On 2017/4/25 1:14, James Morse wrote:
> Hi Wang Xiongfeng,
> 
> On 21/04/17 12:33, Xiongfeng Wang wrote:
>> On 2017/4/20 16:52, James Morse wrote:
>>> On 19/04/17 03:37, Xiongfeng Wang wrote:
>>>> On 2017/4/18 18:51, James Morse wrote:
>>>>> The host expects to receive physical SError Interrupts. The ARM-ARM doesn't
>>>>> describe a way to inject these as they are generated by the CPU.
>>>>>
>>>>> Am I right in thinking you want this to use SError Interrupts as an APEI
>>>>> notification? (This isn't a CPU thing so the RAS spec doesn't cover this use)
>>>>
>>>> Yes, using sei as an APEI notification is one part of my consideration. Another use is for ESB.
>>>> RAS spec 6.5.3 'Example software sequences: Variant: asynchronous External Abort with ESB'
>>>> describes the SEI recovery process when ESB is implemented.
>>>>
>>>> In this situation, SEI is routed to EL3 (SCR_EL3.EA = 1). When an SEI occurs in EL0 and not been taken immediately,
>>>> and then an ESB instruction at SVC entry is executed, SEI is taken to EL3. The ESB at SVC entry is
>>>> used for preventing the error propagating from user space to kernel space. The EL3 SEI handler collects
>>>
>>>> the errors and fills in the APEI table, and then jump to EL2 SEI handler. EL2 SEI handler inject
>>>> an vSEI into EL1 by setting HCR_EL2.VSE = 1, so that when returned to OS, an SEI is pending.
>>>
>>> This step has confused me. How would this work with VHE where the host runs at
>>> EL2 and there is nothing at Host:EL1?
>>
>> RAS spec 6.5.3 'Example software sequences: Variant: asynchronous External Abort with ESB'
>> I don't know whether the step described in the section is designed for guest os or host os or both.
>> Yes, it doesn't work with VHE where the host runs at EL2.
> 
> If it uses Virtual SError, it must be for an OS running at EL1, as the code
> running at EL2 (VHE:Linux, firmware or Xen) must set HCR_EL2.AMO to make this work.
> 
> I can't find the section you describe in this RAS spec:
> https://developer.arm.com/docs/ddi0587/latest/armreliabilityavailabilityandserviceabilityrasspecificationarmv8forthearmv8aarchitectureprofile
> 
I got the RAS spec from my company's ARM account.
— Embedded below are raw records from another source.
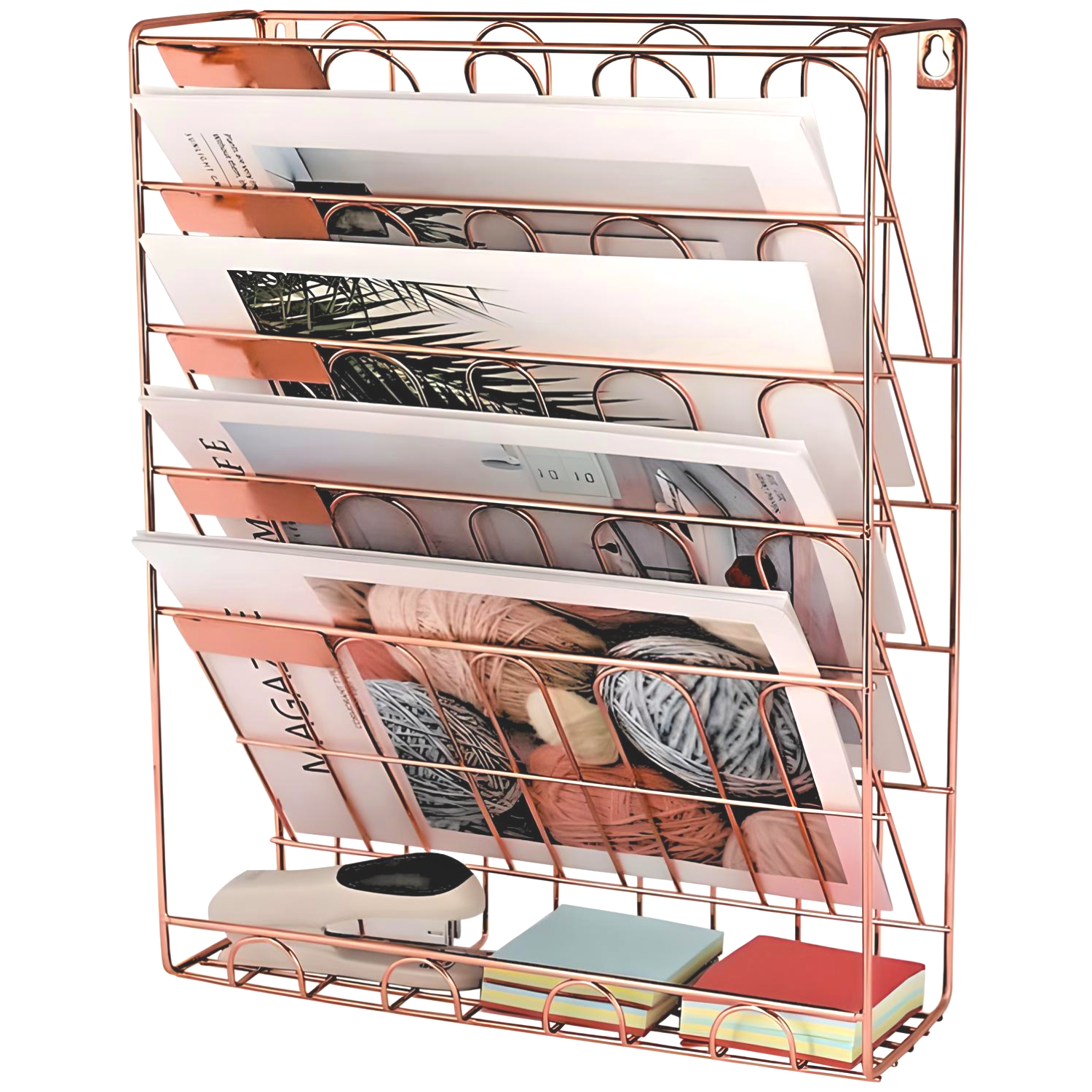 A copper wire wall file organizer with several magazines in it.
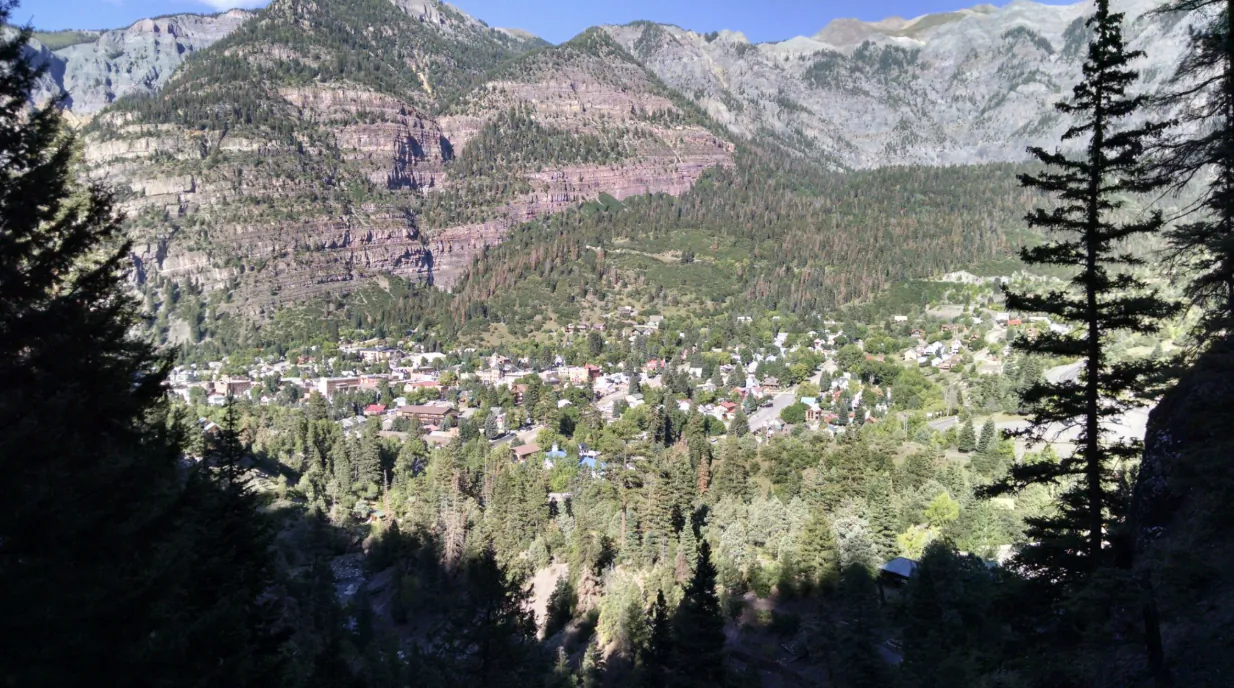 Aerial view of a mountain town nestled in a forested valley with rocky peaks rising behind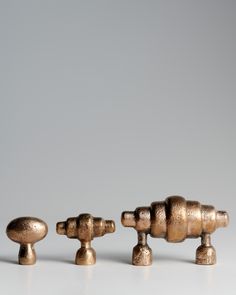 three antique brass knobs are lined up on a white surface, one is turned upside down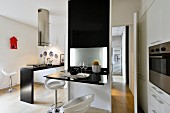 White bar stools in front of black partition with fold-up, glossy table top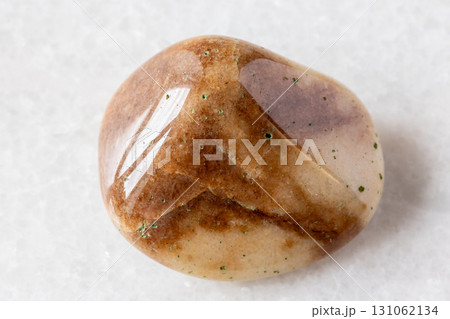 sample of tumbled brown quartzite rock on white 131062134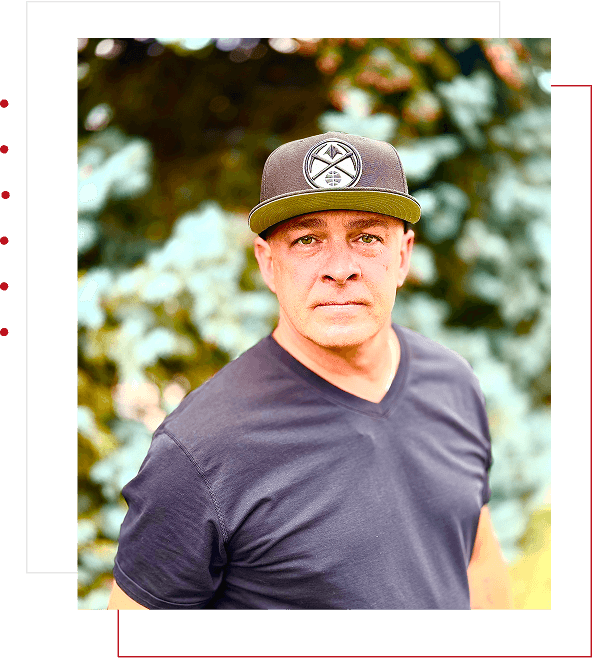 A man in a dark shirt and baseball cap outdoors.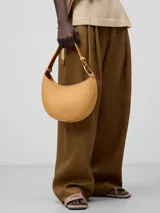 Bolso de hombro Adolfo Dominguez modelo Luna, con diseño de media luna y textura granulada. Cuenta con un compartimento principal con cierre de cremallera y asa corta regulable con detalle metálico.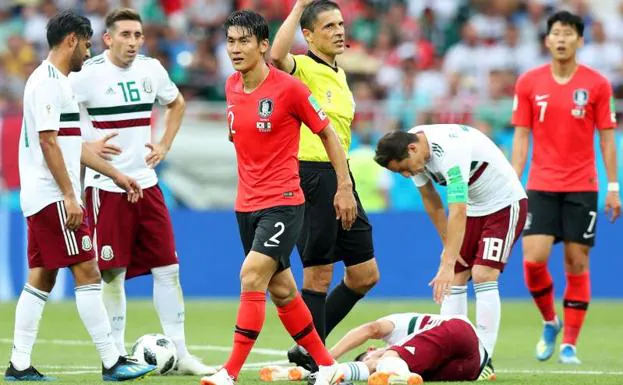 Lance del partido entre Corea del Sur y México.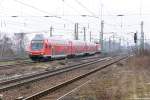 RE13 (RE 17688) von Leipzig Hbf nach Magdeburg Hbf in Magdeburg-Neustadt und geschoben hatte die 112 169-8.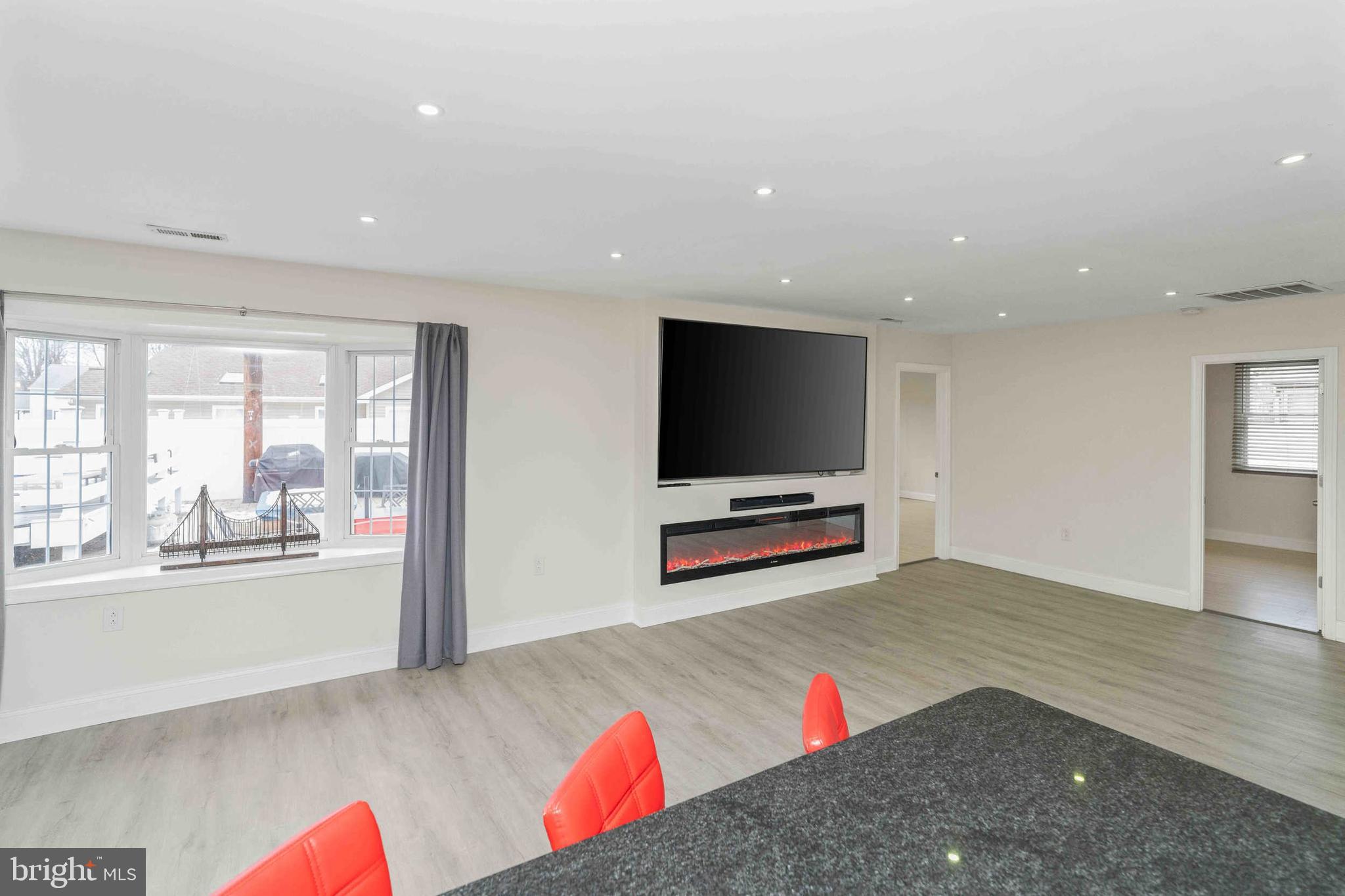 137 Idlewild Road Levittown, PA 19057 - Photo 10 of 34 a living room with furniture and a flat screen tv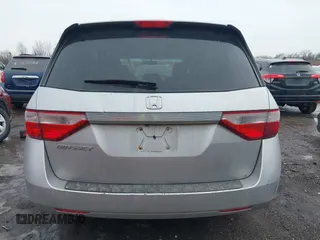 2013 Honda Odyssey EX-L with VIN 5FNRL5H63DB007682, listed as a IAAI auction lot 41408103 with 201,453 mi miles and . Bid and sale history available at carsss.com. Image 16.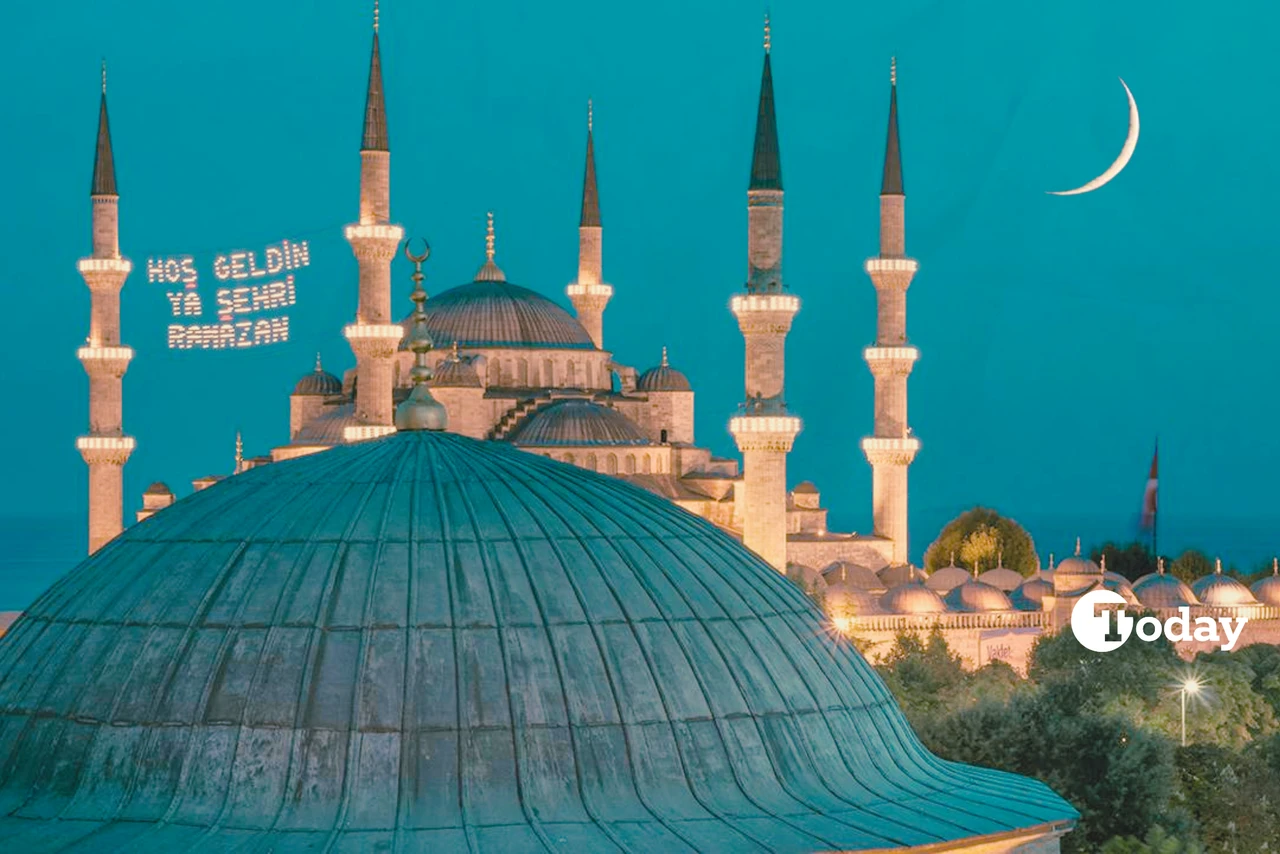 The Blue Mosque in Istanbul at dusk with Ramadan 2025 lights displaying 'Hoş Geldin Ya Şehr-i Ramazan' (Welcome, O City of Ramadan) against a crescent moon.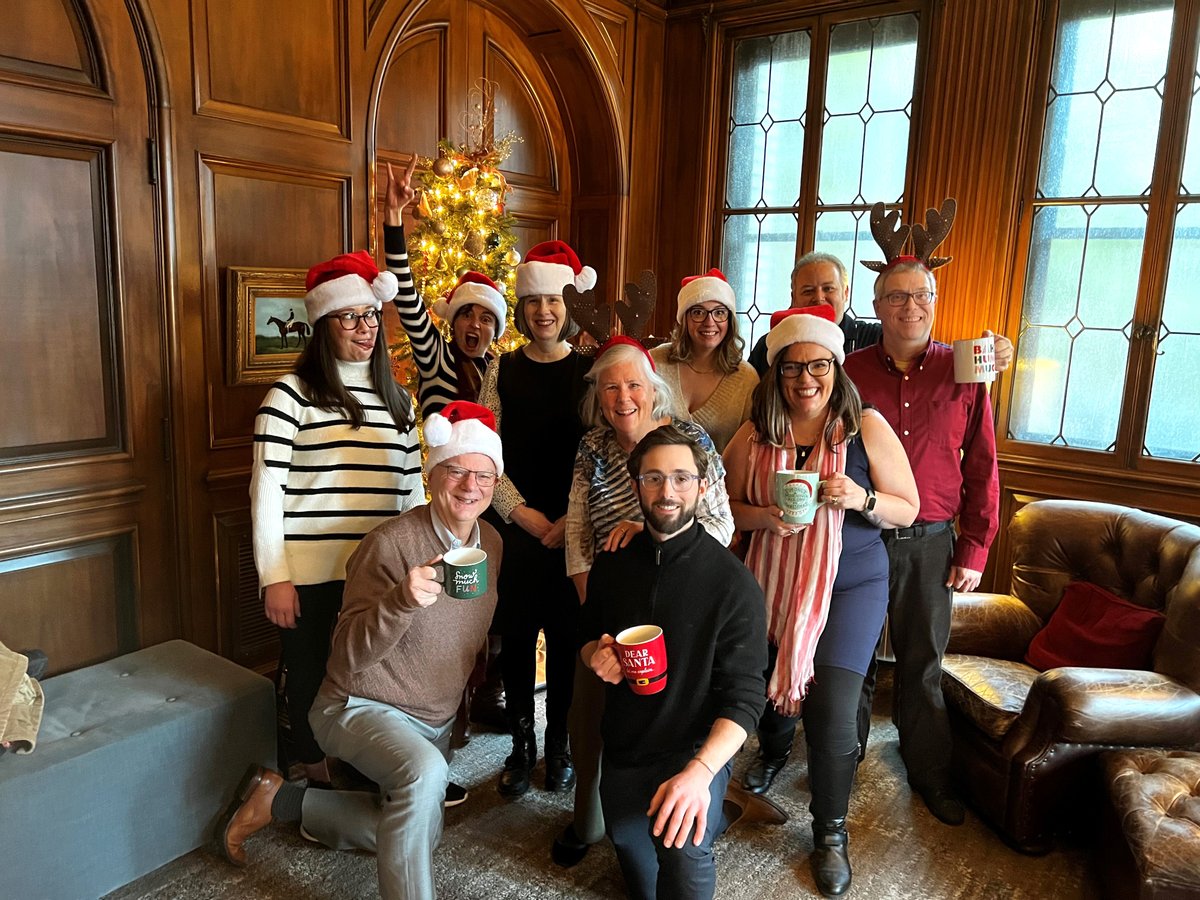 IlluminAge's tweet photo. Happy holidays from your friends at IlluminAge Communication Partners! Left to right, front to back: Dennis, Asher, Lindsey, Diane, Elly, Connie, Nancy, Mary, Aaron, John. Not pictured: Amanda, Ryan, Bonnie and Lynn. https://t.co/em742ewWq5
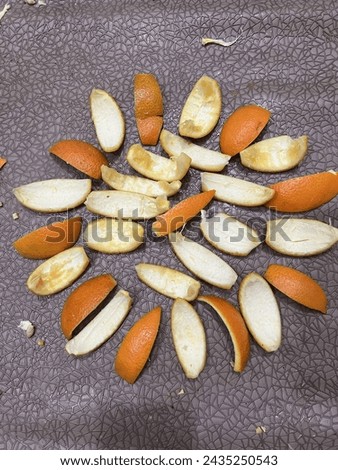 A beautiful picture of orange peels in a group shape 
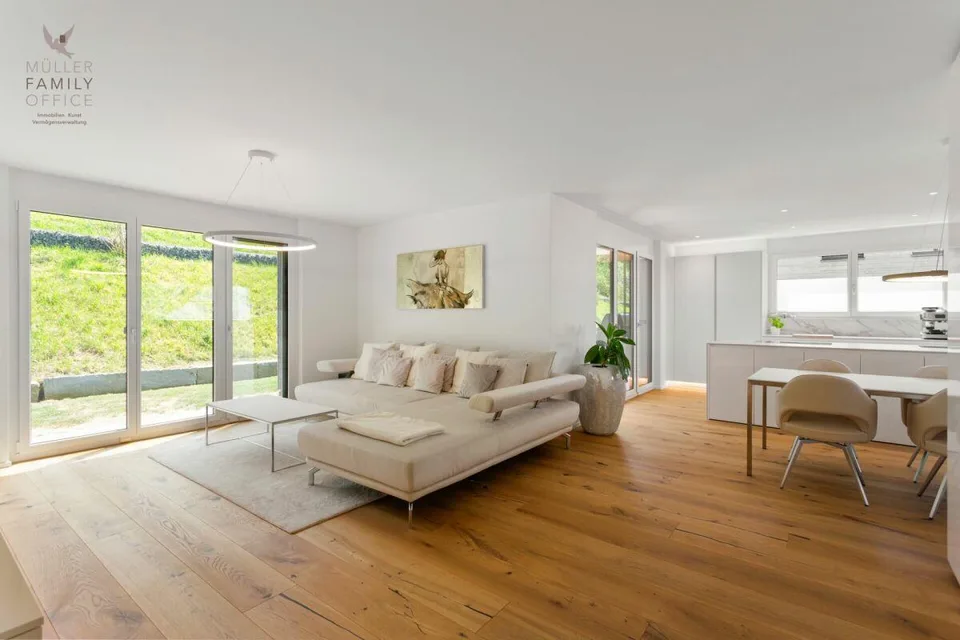 Living like in a single-family house - Exclusive 4 1/2 room garden apartment with beautiful lake view, plenty of privacy and high-quality construction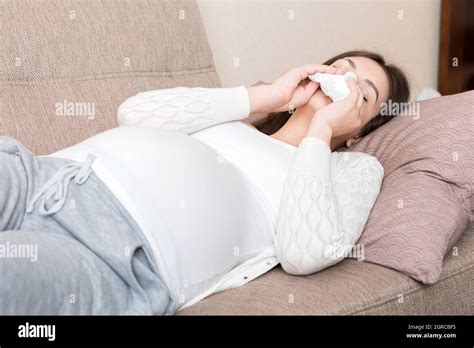 Sick Pregnant Woman Blowing Nose Into Tissue At Home Healthy Millennial Healthcare Concept Stock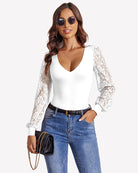 Double-lined lace leotard with V-neck and white puff sleeves
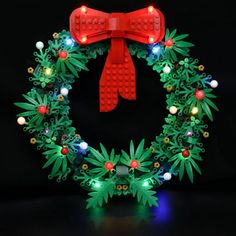 a christmas wreath made out of legos with lights and decorations on it's sides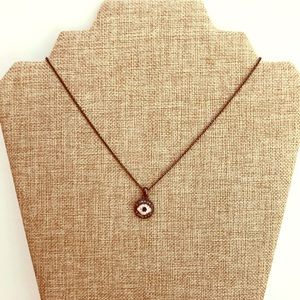 Evil eye crystal gun metal necklace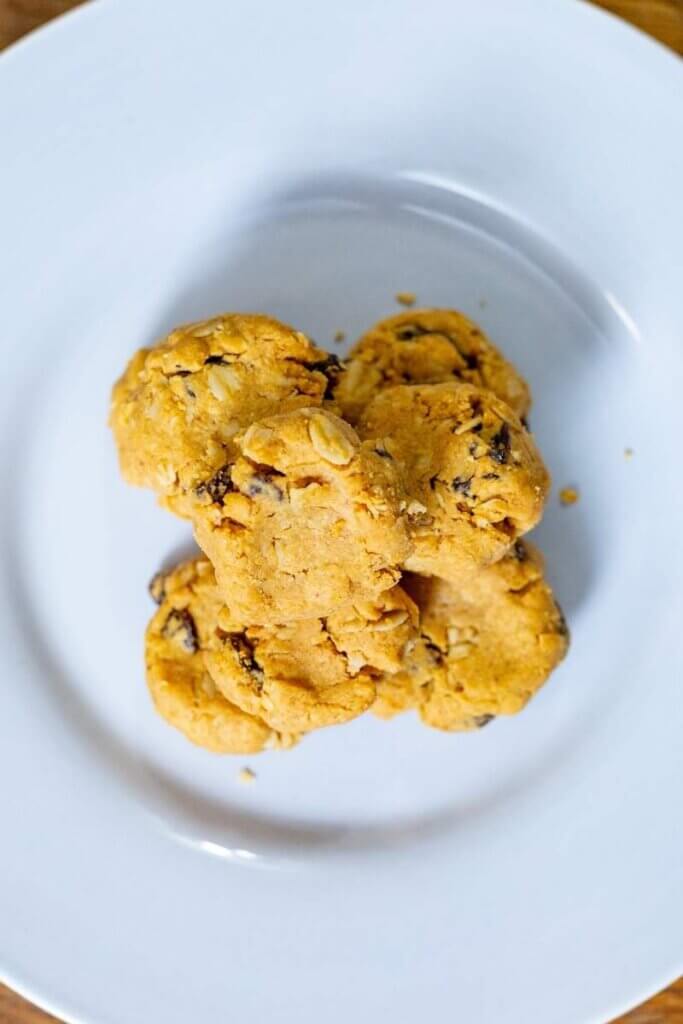 top shot of a stack of 4 ingredient oatmeal cookies on a white plate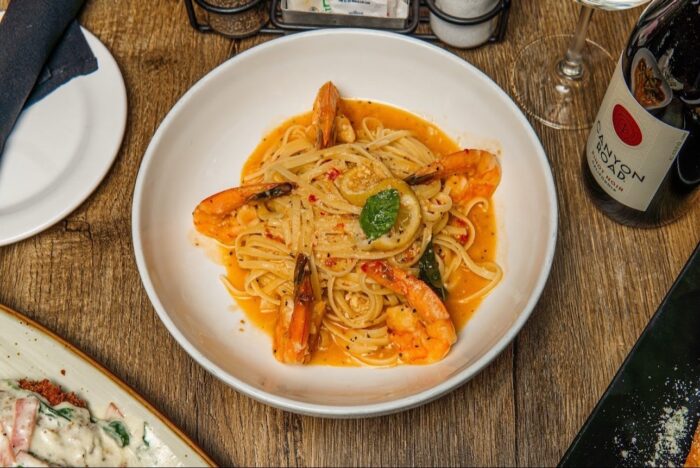 A bowl of linguine pasta with shrimp in a tomato-based sauce, garnished with basil, is served on a wooden table with a bottle of red wine and a plate of food partially visible beside it.
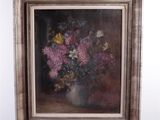 a painting of flowers in a vase on a easel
The document number is PRD03-PRDC-010953 .

> 
>>> >From your description I assume you have some firmware resident at EL2.
> 
>> Our actual SEI step is planned as follows:
> 
> Ah, okay. You can't use Virtual SError at all then, as firmware doesn't own EL2:
> KVM does. KVM will save/restore the HCR_EL2 register as part of its world
> switch. Firmware must not modify the hyp registers behind the hyper-visors back.
> 
> 
>> Host OS:  EL0/EL1 -> EL3 -> EL0/EL1
> 
> i.e. While the host was running, so EL3 sees HCR_EL2.AMO clear, and directs the
> SEI to EL1.
> 
>> Guest OS:  EL0/EL1 -> EL3 -> EL2 -> EL0/EL1
> 
> i.e. While the guest was running, so EL3 sees HCR_EL2.AMO set, directs the SEI
> to EL2 where KVM performs the world-switch and returns to host EL1.
> 
> Looks sensible.
> 
> 
>> In guest os situation, we can inject an vSEI and return to where the SEI is taken from.
> 
> An SEI from firmware should always end up in the host OS. If a guest was running
> KVM is responsible for doing the world switch to restore host EL1 and return
> there. This should all work today.
> 
> 
>> But in host os situation, we can't inject an vSEI (if we don't set HCR_EL2.AMO), so we have to jump to EL1 SEI vector.
> 
> Because your firmware is at EL3 you have to check PSTATE.A and jump into the
> SError vector in both cases, you just choose if its VBAR_EL2 or VBAR_EL1 based
> on HCR_EL2.AMO.
> 
> 
>> Then the process following ESB won't be executed becuase SEI is taken to EL3 from the ESB instruction in EL1, and when control
>> is returned to OS, we are in EL1 SEI vector rather than the ESB instruction.
> 
> Firmware should set ELR_EL1 so that an eret from the EL1 SError vector takes you
> back to the ESB instruction that took us to EL3 in the first place.
> 
> 
> There is a problem here mixing SError as the CPU->Software notification of RAS
> errors and as APEI's SEI Software->Software notification that a firmware-first
> error has been handled by EL3.
> 
> To elaborate:
> The routine in this patch was something like:
> 1 ESB
> 2 Read DISR_EL1
> 3 If set, branch to the SError handler.
> 
> If we have firmware-first ESB will generate an SError as PSTATE.A at EL{1,2}
> doesn't mask SError for EL3. Firmware can then handle the RAS error. With this
> the CPU->Software story is done. Firmware notifying the OS via APEI is a
> different problem.
> 
> If the error doesn't need to be notified to the OS via SEI, firmware can return
> to step 1 above with DISR_EL1 clear. The OS may be told via another mechanism
> such as polling or an irq.
> 
> If PSTATE.A was clear, firmware can return to the SError vector. If PSTATE.A was
> set and firmware knows this was due to an ESB, it can set DISR_EL1. The problem
> is firmware can't know if the SError was due to an ESB.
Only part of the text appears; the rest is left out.